*** Data shown Section Begins ***
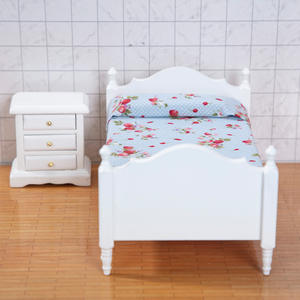 JC 1:12 Miniature Wooden <b>Single</b> <b>Bed</b> Small Floral DIY Toy Doll House Decorations Handmade Bedroom Furniture Scene Ornaments 14+ - Product Image 3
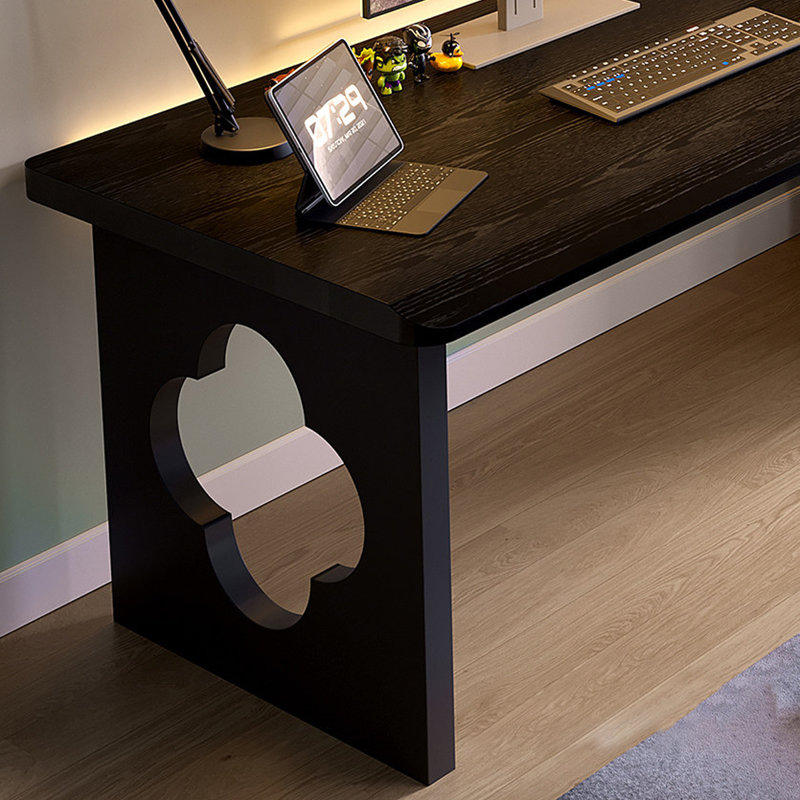 Bureau rectangulaire en bois massif noir, 29.53"H×55.12"L×23.62"W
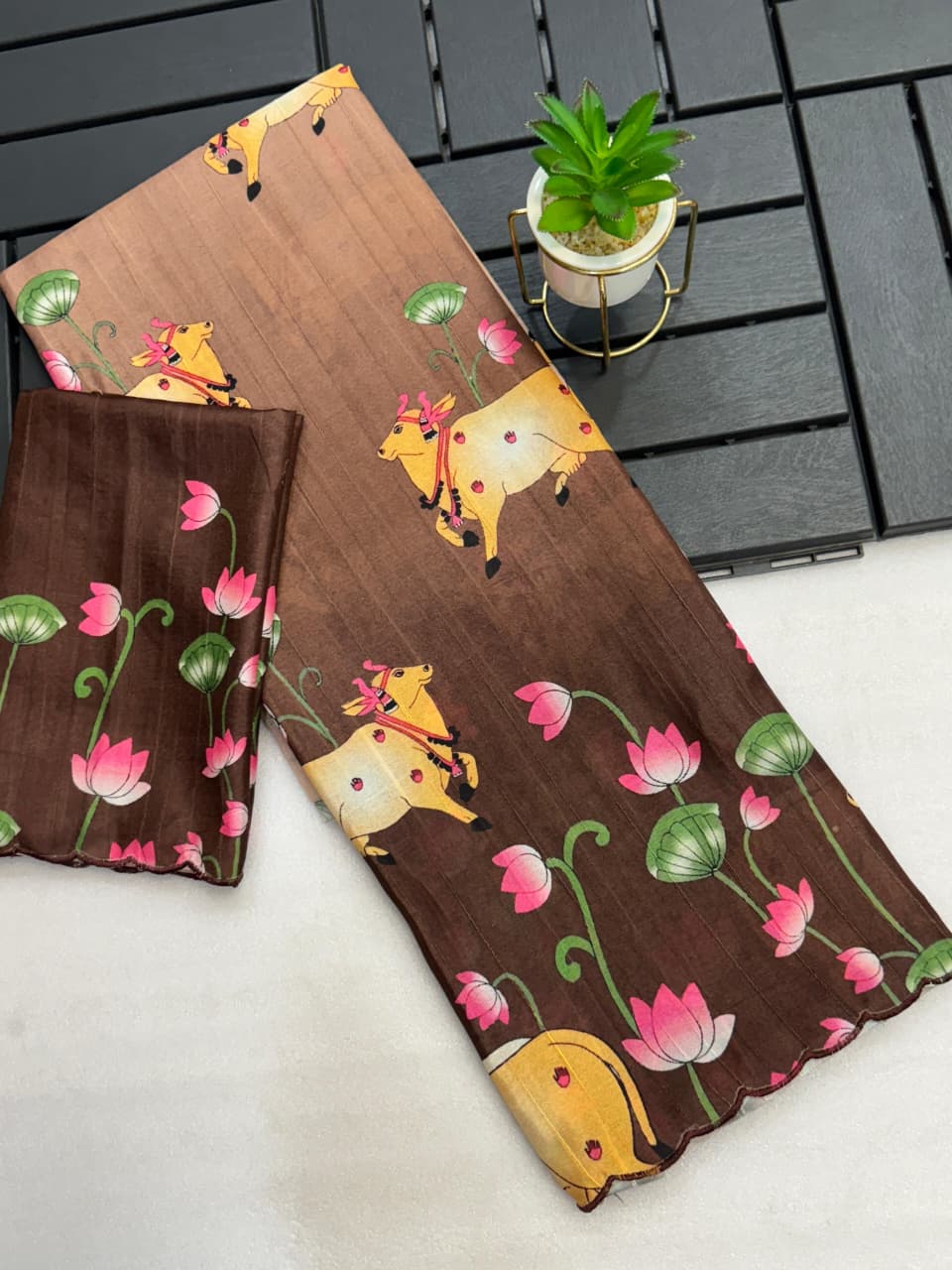 Handloom Tussar Silk Saree with Kalamkari Digital Print & Arco Border – Premium Collection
*** Data shown Section Ends ***
* **Requirement**: Everything in the data must be printed verbatim except the pictures.

* **Your solution**:
 JC 1:12 Miniature Wooden <b>Single</b> <b>Bed</b> Small Floral DIY Toy Doll House Decorations Handmade Bedroom Furniture Scene Ornaments 14+ - Product Image 3
 Bureau rectangulaire en bois massif noir, 29.53"H×55.12"L×23.62"W
 Handloom Tussar Silk Saree with Kalamkari Digital Print & Arco Border – Premium Collection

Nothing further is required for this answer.